### Data listing
^^^^^^^^^^^^^^^^
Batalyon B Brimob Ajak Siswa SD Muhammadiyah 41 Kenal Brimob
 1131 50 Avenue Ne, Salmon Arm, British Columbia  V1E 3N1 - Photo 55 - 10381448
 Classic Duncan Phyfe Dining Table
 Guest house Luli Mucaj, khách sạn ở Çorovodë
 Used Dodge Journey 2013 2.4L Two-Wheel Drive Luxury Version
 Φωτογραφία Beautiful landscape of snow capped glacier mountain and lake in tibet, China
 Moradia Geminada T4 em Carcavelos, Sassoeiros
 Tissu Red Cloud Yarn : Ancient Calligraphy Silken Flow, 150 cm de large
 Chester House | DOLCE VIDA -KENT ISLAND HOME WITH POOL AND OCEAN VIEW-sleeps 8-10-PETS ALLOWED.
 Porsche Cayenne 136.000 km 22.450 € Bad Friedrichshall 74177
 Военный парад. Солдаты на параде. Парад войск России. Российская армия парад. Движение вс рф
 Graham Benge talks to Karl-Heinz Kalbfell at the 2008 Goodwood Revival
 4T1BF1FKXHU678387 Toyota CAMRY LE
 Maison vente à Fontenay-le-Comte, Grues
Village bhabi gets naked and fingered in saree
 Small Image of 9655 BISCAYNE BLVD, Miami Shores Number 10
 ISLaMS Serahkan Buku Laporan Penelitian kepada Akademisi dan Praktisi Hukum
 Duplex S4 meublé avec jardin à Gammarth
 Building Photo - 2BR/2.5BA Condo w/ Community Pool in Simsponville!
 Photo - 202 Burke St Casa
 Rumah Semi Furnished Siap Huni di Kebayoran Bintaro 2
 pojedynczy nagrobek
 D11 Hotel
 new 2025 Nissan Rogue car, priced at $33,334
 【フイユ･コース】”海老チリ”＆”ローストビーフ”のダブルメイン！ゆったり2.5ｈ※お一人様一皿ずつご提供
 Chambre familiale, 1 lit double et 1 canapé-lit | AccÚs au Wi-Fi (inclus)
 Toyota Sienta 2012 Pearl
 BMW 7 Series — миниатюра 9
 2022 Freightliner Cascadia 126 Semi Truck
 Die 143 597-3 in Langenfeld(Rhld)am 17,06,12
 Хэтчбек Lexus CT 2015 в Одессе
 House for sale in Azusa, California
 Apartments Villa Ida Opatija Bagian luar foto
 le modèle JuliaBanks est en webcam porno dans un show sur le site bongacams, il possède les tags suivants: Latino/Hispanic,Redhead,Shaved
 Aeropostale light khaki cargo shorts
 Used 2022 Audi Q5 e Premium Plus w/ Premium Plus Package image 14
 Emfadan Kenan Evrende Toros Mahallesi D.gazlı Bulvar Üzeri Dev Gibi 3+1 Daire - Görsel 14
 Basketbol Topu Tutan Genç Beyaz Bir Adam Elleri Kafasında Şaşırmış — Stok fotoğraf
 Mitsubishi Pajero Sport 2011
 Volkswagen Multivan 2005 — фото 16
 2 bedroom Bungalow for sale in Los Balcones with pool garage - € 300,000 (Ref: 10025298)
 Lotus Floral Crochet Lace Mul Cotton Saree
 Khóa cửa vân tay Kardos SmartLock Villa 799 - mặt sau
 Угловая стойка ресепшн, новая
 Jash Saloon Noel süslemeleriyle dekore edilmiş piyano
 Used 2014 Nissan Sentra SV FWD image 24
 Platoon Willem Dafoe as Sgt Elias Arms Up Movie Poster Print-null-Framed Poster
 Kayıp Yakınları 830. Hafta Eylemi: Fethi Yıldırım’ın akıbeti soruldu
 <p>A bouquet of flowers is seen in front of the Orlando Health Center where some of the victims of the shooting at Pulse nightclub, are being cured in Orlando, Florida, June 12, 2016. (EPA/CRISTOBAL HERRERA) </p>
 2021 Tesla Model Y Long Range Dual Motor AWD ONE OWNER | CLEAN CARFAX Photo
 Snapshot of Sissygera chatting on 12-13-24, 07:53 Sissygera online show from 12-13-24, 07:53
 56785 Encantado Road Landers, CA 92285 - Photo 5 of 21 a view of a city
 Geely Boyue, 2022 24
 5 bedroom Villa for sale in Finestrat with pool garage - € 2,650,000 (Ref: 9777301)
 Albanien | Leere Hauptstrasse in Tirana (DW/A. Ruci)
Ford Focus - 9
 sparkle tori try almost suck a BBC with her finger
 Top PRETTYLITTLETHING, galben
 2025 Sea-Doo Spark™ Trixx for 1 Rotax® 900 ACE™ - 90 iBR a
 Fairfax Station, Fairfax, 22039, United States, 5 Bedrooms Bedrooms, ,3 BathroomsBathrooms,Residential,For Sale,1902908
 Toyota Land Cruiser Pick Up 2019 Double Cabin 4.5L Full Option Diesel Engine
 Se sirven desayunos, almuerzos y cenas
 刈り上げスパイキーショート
^^^^^^^^^^^^^^^^
Proceeding from the line containing "Mitsubishi Pajero Sport 2011" through the line containing "Kayıp Yakınları 830.", transcribe the lines above exactly, both end lines included.

### Task result
 Mitsubishi Pajero Sport 2011
 Volkswagen Multivan 2005 — фото 16
 2 bedroom Bungalow for sale in Los Balcones with pool garage - € 300,000 (Ref: 10025298)
 Lotus Floral Crochet Lace Mul Cotton Saree
 Khóa cửa vân tay Kardos SmartLock Villa 799 - mặt sau
 Угловая стойка ресепшн, новая
 Jash Saloon Noel süslemeleriyle dekore edilmiş piyano
 Used 2014 Nissan Sentra SV FWD image 24
 Platoon Willem Dafoe as Sgt Elias Arms Up Movie Poster Print-null-Framed Poster
 Kayıp Yakınları 830. Hafta Eylemi: Fethi Yıldırım’ın akıbeti soruldu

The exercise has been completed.